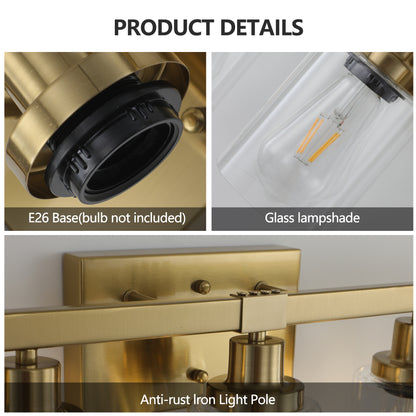 Five-Bulb Vanity Light with Clear Glass Shades Wall Fixture for Bathroom Bulbs Not Included Gold Finish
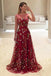 A-Line Bateau Burgundy Floral Lace Long Prom Dresses PDH4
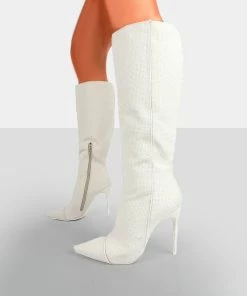 Public Desire UK Long Boots Horizon Linen Ecru Knee High Boots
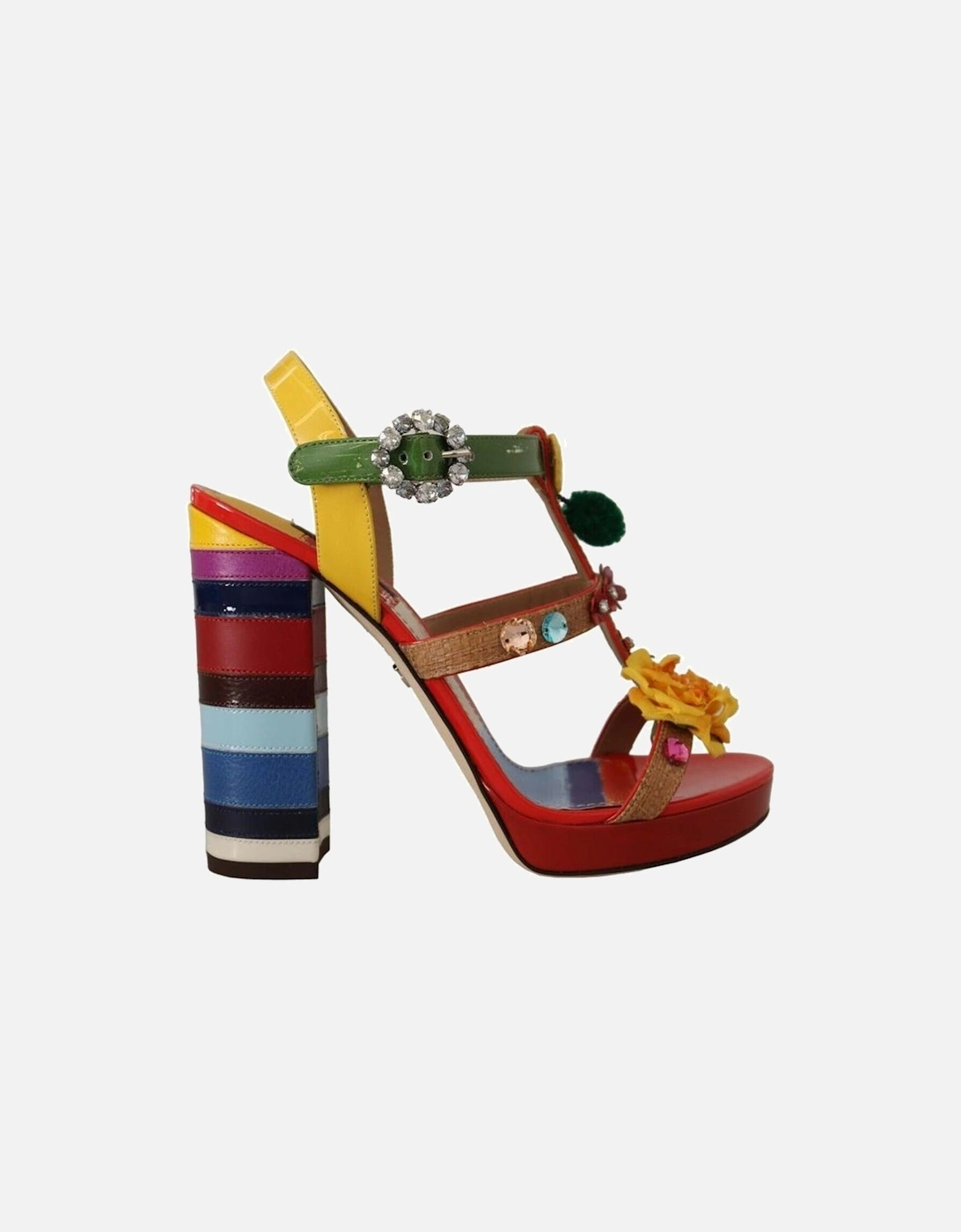 Floral Applique Leather Ankle Strap Sandals Women - Multicolor, 2 of 1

* Your objective
The expected output is every line of the data, unchanged, with the pictures skipped.

* Written solution
 Five-Bulb Vanity Light with Clear Glass Shades Wall Fixture for Bathroom Bulbs Not Included Gold Finish
 A-Line Bateau Burgundy Floral Lace Long Prom Dresses PDH4
 Public Desire UK Long Boots Horizon Linen Ecru Knee High Boots
 Floral Applique Leather Ankle Strap Sandals Women - Multicolor, 2 of 1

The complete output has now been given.